OSC / ood_core

Open OnDemand core library
https://osc.github.io/ood_core/
MIT License
10 stars 28 forks source link

FileExplorer: Large File/Directory Download Max Size Limits #680

Closed sync-by-unito[bot] closed 2 years ago

sync-by-unito[bot] commented 2 years ago

Similar to https://github.com/AweSim-OSC/osc-fileexplorer/issues/2 we should place a limit on the directory or file sizes we let the user download. Past a certain point, they should be using sftp.osc.edu.

Downloading via file explorer was done via this pull request: https://github.com/AweSim-OSC/osc-fileexplorer/pull/102

┆Issue is synchronized with this Asana task by Unito

sync-by-unito[bot] commented 2 years ago

➤ Eric Franz commented:

In job constructor we try to determine the size of the directory first using this command:

https://github.com/AweSim-OSC/osc-jobconstructor/blob/0dfce4b6db5cae188983b5a8cc477cf2f5e80b09/app/models/filesystem.rb#L57-L59

sync-by-unito[bot] commented 2 years ago

➤ Brian L. McMichael commented:

I've successfully downloaded a folder of approximately 5.5 gb using the streaming zip.

Currently downloading a folder of approximately 60 gb. Will update on progress.

sync-by-unito[bot] commented 2 years ago

➤ Eric Franz commented:

Please add the time it took you to download both!
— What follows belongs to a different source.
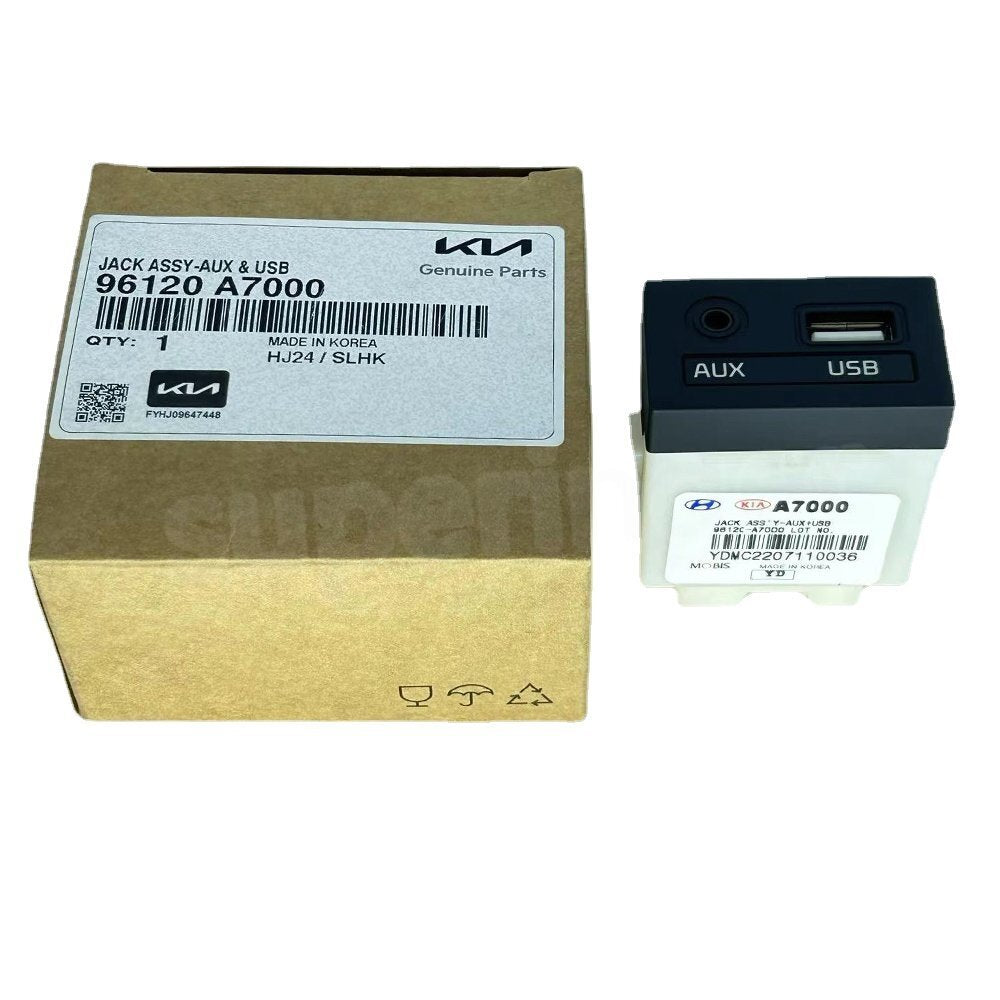 AUX/USB socket assembly 96120A7000 for Kia Forte Cerato K3 2013-2015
Thanks for the tests.

sync-by-unito[bot] commented 2 years ago

➤ Brian L. McMichael commented:

I didn't track the exact time, but I'm getting a consistent 4.5 Mb/s over wifi.

sync-by-unito[bot] commented 2 years ago

➤ Eric Franz commented:

Of course download time will largely depend on connection speed. I wonder how much CPU the app takes during download of a directory vs upload of a file.
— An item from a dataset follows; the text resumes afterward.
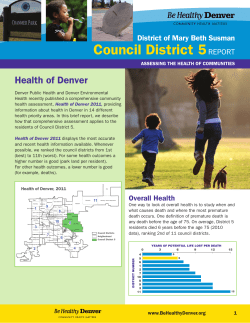 District 5 - City and County of Denver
sync-by-unito[bot] commented 2 years ago

➤ Brian L. McMichael commented:

This is going to take some more testing. I have successfully downloaded zip files up to 8gb.

Resource usage during the process is minimal.
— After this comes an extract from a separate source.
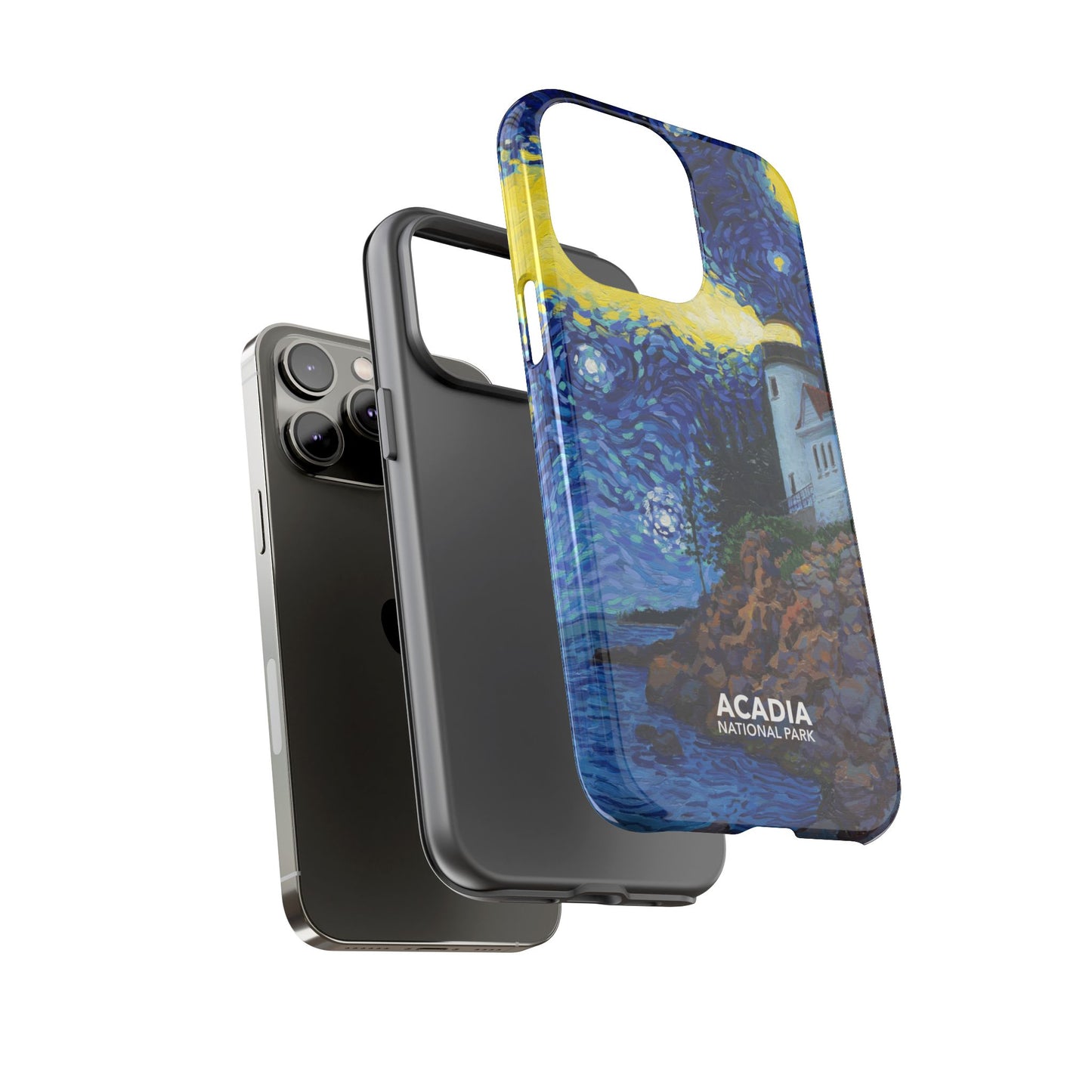 Acadia National Park Phone Case - Starry Night Lighthouse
The problem is that the folder I am testing includes a ~50gb zipped VM file, and the zip fails on this file. The rest of the file contents are accessible, but this large file isn't. So I'm not sure if the server is choking because of this particular file, or it's because there's a limit to the amount we can stream.

This needs to be determined so that we can decide whether the limits should be set based on file sizes, or based on folder sizes.

sync-by-unito[bot] commented 2 years ago

➤ MorganRodgers commented:

We just had a user who managed to lock themselves out of OnDemand by triggering too many downloads on large directories (~12+ GB). I think that setting a limit of say 10GB is reasonable, and for directories larger than that refuse to download the directory and direct the user to use a dedicated SFTP client.